$30
SYSC 2100 (A)
Assignment 2: Comparing List Implementations
One of the recurring themes in the course is that the same abstract data type can be implemented in different
ways, using different underlying data structures. The choice of data structures and algorithms however does have
an impact on the performance/efficiency of the implemented abstract data type. While we haven’t formally
introduced the notions of algorithm complexity yet, we already discussed how different choices for a list (linked
structure or array) impacts the efficiency of specific operations. In this assignment, you are to experimentally
confirm that indeed the choice of a specific implementation for a given abstract data type impacts the runtime
performance, even when giving the same results.
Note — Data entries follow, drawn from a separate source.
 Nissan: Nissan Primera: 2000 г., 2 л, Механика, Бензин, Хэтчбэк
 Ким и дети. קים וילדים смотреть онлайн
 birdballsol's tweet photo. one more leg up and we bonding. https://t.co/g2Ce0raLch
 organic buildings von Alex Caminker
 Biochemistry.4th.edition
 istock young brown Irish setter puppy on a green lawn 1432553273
We will assume that a string is implemented as a List of characters. Write a program that prompts the user for a
file name and opens that text file. Example text files to be used as input are provided on cuLearn (two books, one
the English translation of Victor Hugo’s Les Miserables, the other Charles Dickens’ A Tale of Two Cities). You
can also download other large text files from repositories such as Project Gutenberg (www.gutenberg.org). Then
also prompt the user for a string A. Read in the text file string by string and determine whether each string in that
text file contains your input string A as a substring. Count how often this is the case and display that number at
the end. Also measure the time that elapsed to process the complete file and display this as well.
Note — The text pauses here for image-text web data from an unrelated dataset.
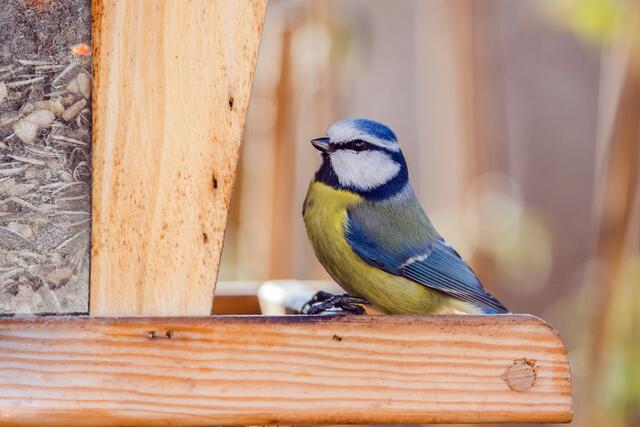 Blaumeise | Foto: Hannah Assil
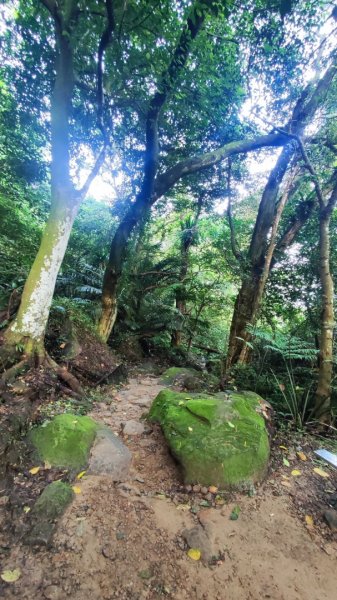 連走溪洲山石門山2582960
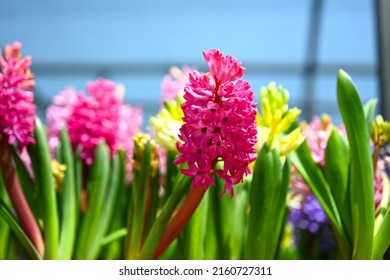 Red Gynura Aurantiaca, Called Purple Passion Or Velvet Plant, Is A Species Of Flowering Plant In The Daisy Family Asteraceae.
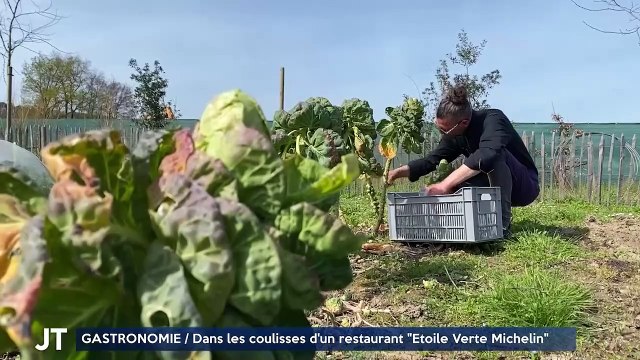 GASTRONOMIE / Dans les coulisses d'un restaurant Étoile Verte Michelin
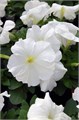 Петуния Mambo GP White - 10 шт 11097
To show the difference between the various list implementations of the ADT List provided in the Java
Collections Framework (ArrayList and LinkedList), repeat the task, the first time representing all strings
as an ArrayList and the second time as a LinkedList. Substring matching is a surprisingly complex
problem (when striving for efficiency), we may revisit this later once we introduced more ADTs. For the time
being, use the following brute-force substring matching algorithm (it is okay if in your solution you do not declare
findBrute() to be static). The code can also be downloaded as a textfile from cuLearn.
/*
* Returns the lowest index at which substring pattern begins in text (or
* else -1).
*/
private static int findBrute(List<Character text, List<Character pattern) {
int n = text.size();
int m = pattern.size();
for (int i = 0; i <= n - m; i++) { // try every starting index
// within text
int k = 0; // k is index into pattern
while (k < m && text.get(i + k) == pattern.get(k))
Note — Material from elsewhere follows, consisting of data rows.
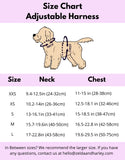 PUPARAZZI NO PULL HARNESS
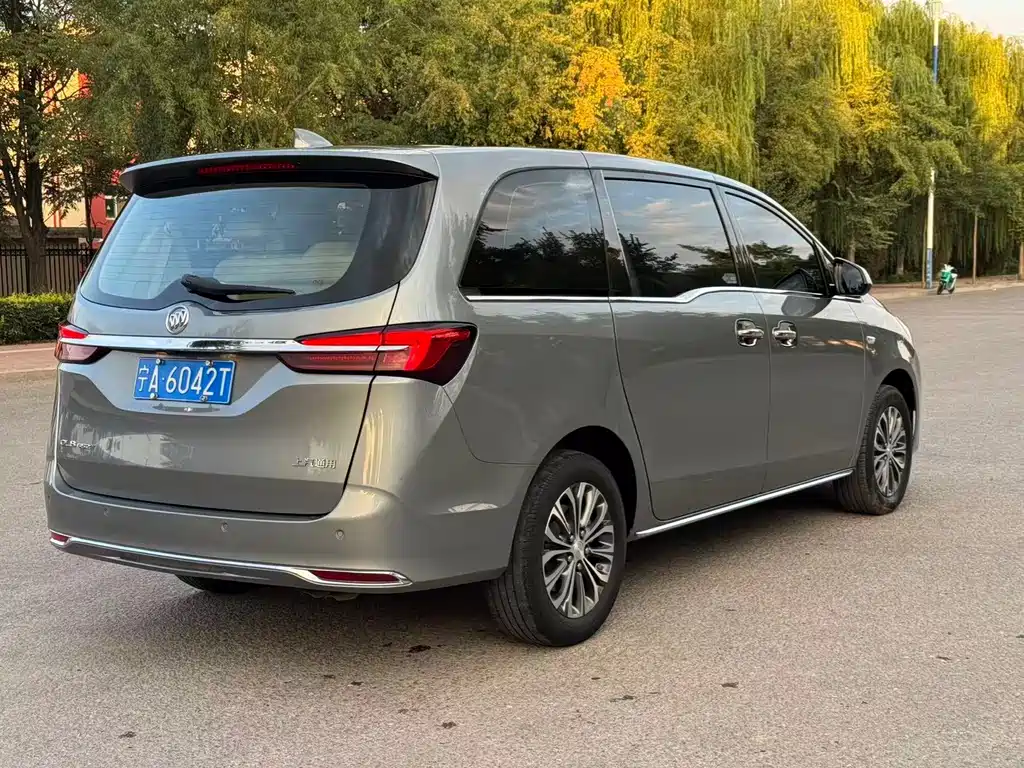 Buick GL8 — миниатюра 9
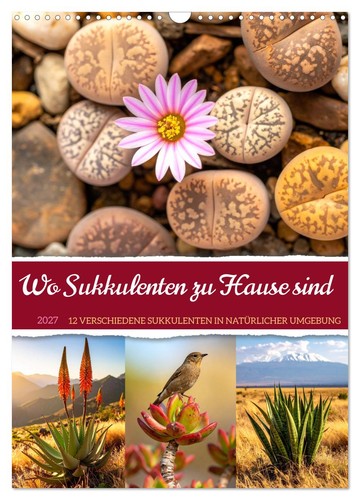 Sukkulenten hause sind - wo,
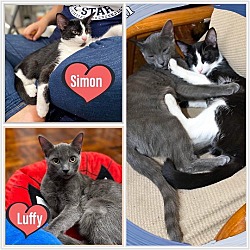 Thumbnail photo of Luffy and Simon- bonded snuggly brothers #1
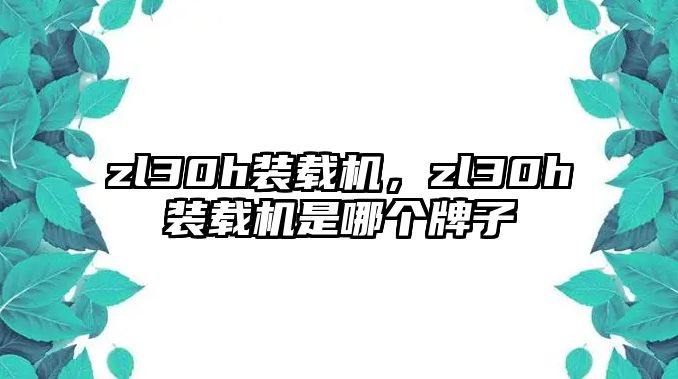 zl30h裝載機(jī)，zl30h裝載機(jī)是哪個牌子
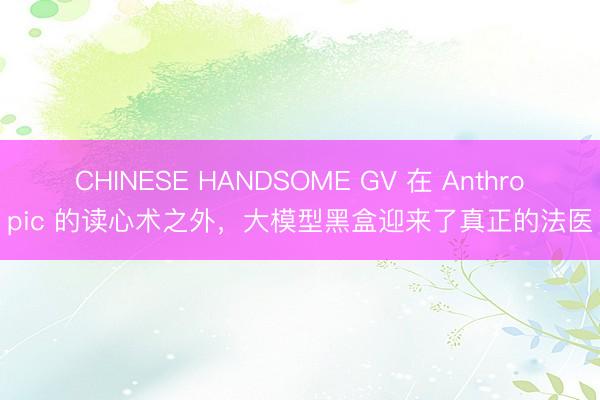 CHINESE HANDSOME GV 在 Anthropic 的读心术之外，大模型黑盒迎来了真正的法医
// kth character of pattern matches
k++;
if (k == m) // if we reach the end of the pattern,
return i; // substring text[i..i+m-1] is a match
}
return -1; // search failed
}
Your program should produce output similar to the one shown below (using Les Miserable as input file and
Javert as substring). Obviously the timing is hardware-dependent and may well differ on different computers
and implementations. To not bias your expectations, I’ve xxx-ed out the values, your final solution should provide
some actual measurement here… ☺. The counts though should be the same across all platforms and
implementations.
Please enter the path for the input file: LesMis.txt
Enter the pattern to look for: Javert
Using ArrayLists: 457 matches, derived in xxx.x milliseconds.
Using LinkedLists: 457 matches, derived in xxx.x milliseconds.
Hints:
1. Make sure that you use the correct data types (LinkedList and ArrayList) for both the string being
read in from the file and the string A, where appropriate.
2. To measure elapsed time, use System.currentTimeMillis() twice: once before you start
processing the input file, once after. The difference between these two timestamps gives you the elapsed
time in milliseconds and provides a rough approximation for the algorithm runtime.
3. We use strings in the common sense of the word: sequences of characters separated by whitespace. So
you need to read in and parse the textfile accordingly.
4. When matching the substring, it has to be an exact, case-sensitive match. For example, upper and lower
case characters are not matching each other.
Bonus question (no bonus marks): Are the results surprising? If there is a difference in execution time, can you
explain why?
Submission Requirements: Submit your assignment (the source files) using cuLearn. Your program should
compile and run as is in the default lab environment, and the code should be well documented. Submit all files
without using any archive or compression as separate files. The main program should be called
CountSubstrings.java, if you need to define additional classes etc., you are free to name them according to your
own needs. But the TA(s) should be able to run your application by entering java CounSubstrings on a
command-line.
Marks will be based on:
• Completeness of your submission
• Correct solution to the problem
• Following good coding style
• Sufficient and high-quality in-line comments
• Adhering to the submission requirements (in particular the naming convention)
The due date is based on the time of the cuLearn server and will be strictly enforced. If you are concerned about
missing the deadline, here is a tip: multiple submissions are allowed. So you can always submit a (partial)
solution early, and resubmit an improved solution later. This way, you will reduce the risk of running late, for
whatever reason (slow computers/networks, unsynchronized clocks, failure of the Internet connection at home,
etc.).
In cuLearn, you can manage the submission until the deadline, taking it back, deleting/adding files, etc, and
resubmitting it. The system also provides online feedback whether you submitted something for an assignment. It
may take a while to learn the submission process, so I would encourage you to experiment with it early and
contact the TA(s) in case you have problems, as only assignments properly and timely submitted using cuLearn
will be marked and will earn you assignment credits.